While imports in January-September 2020 had witnessed a year-on-year decline because of the pandemic, the increase in shipments of Australian coal to those countries in the same period of 2021 has been markedly higher.
In January-September, Japan imported a total of 82.3 million mt coal, with 59.5 million mt coming from Australia.
South Korean imports of thermal coal were at 67.5 million mt in January-September this year, slightly lower than 67.8 million mt last year. However, Australia's share of thermal coal exports to the country surged by 41% to 31.2 million mt in the reported period this year as against 22.1 million mt in the same period last year. In percentage terms, this helped Australia's share of thermal coal imports to South Korea to jump to 46.3% in the first nine months of 2021, from 32.5% last year.
Changing trade flows
Even Taiwan has witnessed strong appetite for Australian coal. January-September shipments to Taiwan stood at 21.4 million, nearly 17% higher than the same period last year. This boosted Australian share of imports to Taiwan to nearly 65%, from 58.5% in 2020.
China's coal imports over January-October stood at 257.34 million mt, 1.9% higher from the same period a year ago, customs data showed. But while China's coal appetite has remained intact, it turned to other origins to fill the Australian coal vacuum – such as Indonesia, Russia, and South Africa, according to Platts Analytics.
China had imported 31.58 million mt coal from Australia in January-June 2020, a rise of 48% year on year.
From January to June, China's thermal coal imports from Indonesia climbed to 35.9 million mt from 23.84 million mt same period last year, while imports from Russia rose to 15.93 million mt from 9 million mt. And from zero in 2020, China's thermal coal imports from South Africa over the same months stood at at 3.44 million mt.

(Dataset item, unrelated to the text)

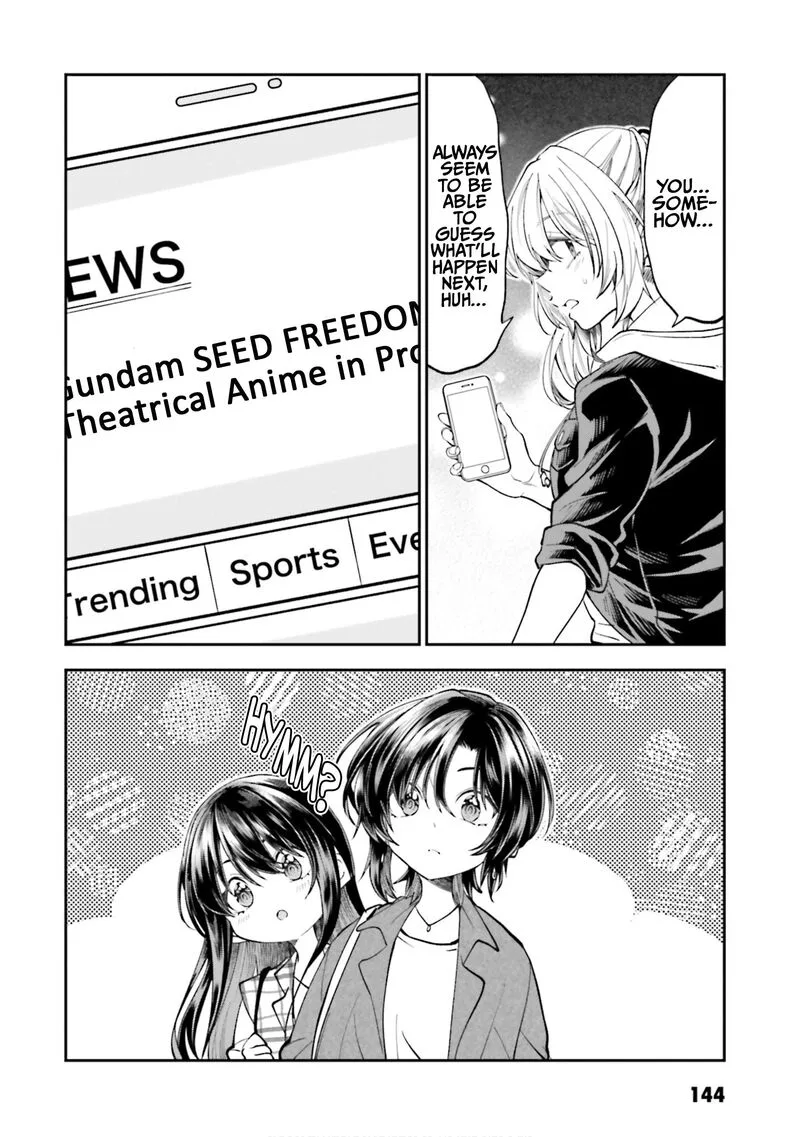 HG ni Koi suru Futari Chapter 53 page 20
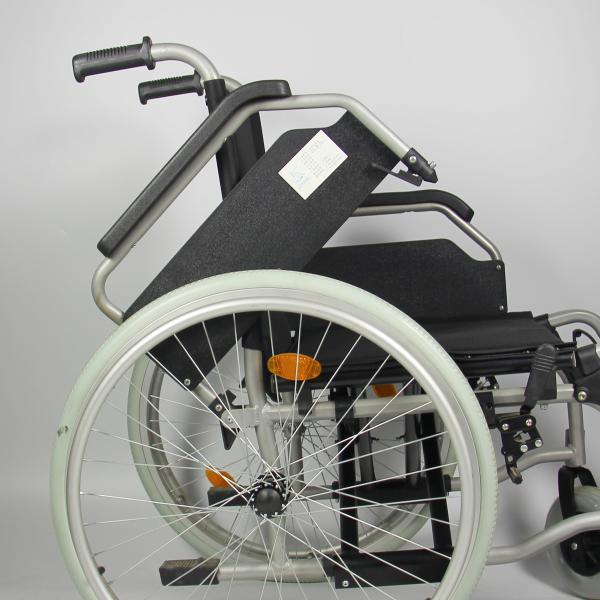 Lightweight Aluminum Manual Wheelchair Detachable Front Wheel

Australia exported 124.15 million mt coal January-August as against 135.47 million mt in the same period last year.
The prime impact
With demand from India and other Asian markets, the impact of China's unofficial ban on Australian exports has abated, the Australia quarterly review for energy and resources for September 2021 said.
Coal exports from Australia are expected to rise 212 million mt in 2022-23 (July-June) from 192 million mt in 2020-21, the report said.
"If they increase exports then they will have to compromise on price. Indians did not buy Australian coal because of its quality but because of the price. They need to be at discount to sustain the new markets," said Vasudev Pamnani, director at Lavi Coal Info Private Ltd.
The price trend for Australia coal shows that the impact on 5,500 kcal/kg NAR was negligible despite restrictions from China. It continued to be sold at par with similar grades from other origins.
"Long-term contracts will change to that of a quarter from earlier duration of a year or so. Companies that have stake in mines in Indonesia will not be able to change their investment plans in the short term. This will be a big impact on the market structure," Pamnani said.
Australian 5,500 kcal/kg NAR coal with 23% ash has averaged around $81.90/mt FOB this year as against FOB for South African 5,500 kcal/kg NAR at $95.37/mt. In addition, 5,500 kcal/kg NAR price at the Quinhuangdao port rose from Yuan 560/mt ($88.03/mt) on Nov. 2 to a high of Yuan 2500/mt in October this year, Chinese authorities imposed price cap, pulling down the price to Yuan 1000-1200/mt presently, sources said.
Looking ahead into 2022, Platts Analytics believes that Australia and China will seek alternative trade partners to meet their respective requirements. If anything, similar to the current market situation, the trade dispute impact will be more greatly felt by Australian metallurgical coal producers and Chinese steel mills, rather than thermal coal producers and Chinese power utilities.